Here we go again -- not even a year later....

A month ago, I would have said, yeah, the (remaining) hip is starting to show some problems, but I'll probably make it 'till next winter.We can deal with it later.

That was before the family ski trip to Montana. And how we'd looked forward to this outing! While the men in the family had been traveling to western mountains for a week in January the past few years, Z's high school vacations didn't synch with the college boy's. She and I diligently stayed home dealing with January finals. 

We were all excited. Weather and scenery were spectacular. While we didn't have powder, snow was good. I was conservative and skiied gently. No major falls. No crazy runs.
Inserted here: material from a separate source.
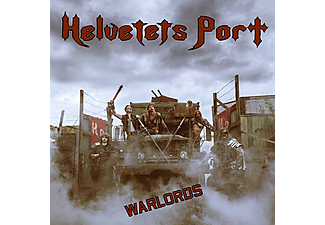 Helvetets Port - Warlords (Vinyl LP (nagylemez))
Relatively short days. While I had no problems on the slopes, I was a cripple in the evenings. 

When we got home, I thought I'd just aggravated the joint. I took max NSAID doses and consistent Tylenol doses to gain pain control. Things actually got worse. Sometimes, when I shifted my weight, something would catch and I'd experience a most interesting stab or pop, nearly sending me to the floor.

So, I went back to my orthopedic surgeon. While I feared some odd injury, x-rays showed "normal" arthritic deterioration. It wasn't going to get better. I could try an injection to buy some time, but with that crazy "catch" and "pop" I figured I had some loose body rolling around in there that wouldn't respond to medication.

So here I am again. Not even 60 yet! (Well, soon.) I'm still too young! 

And this is not how I expected to spend the next 6-8 weeks or so. 

OK, fine. So things did go pretty smoothly last time. Now I'm feeling pressure to meet or exceed that recovery pattern. Plus, I've got family situations and work projects to deal with. Now, we're on a fast track for a Feb. 1 procedure date. I'd say I wasn't ready -- except for that "catch" and "pop."

So, I'm looking back through last year's blog figuring out how I set things up for my recovery and trying to feel prepared and organized.
I'm sure there's a plan here for me, but I'm having a really difficult time going with it.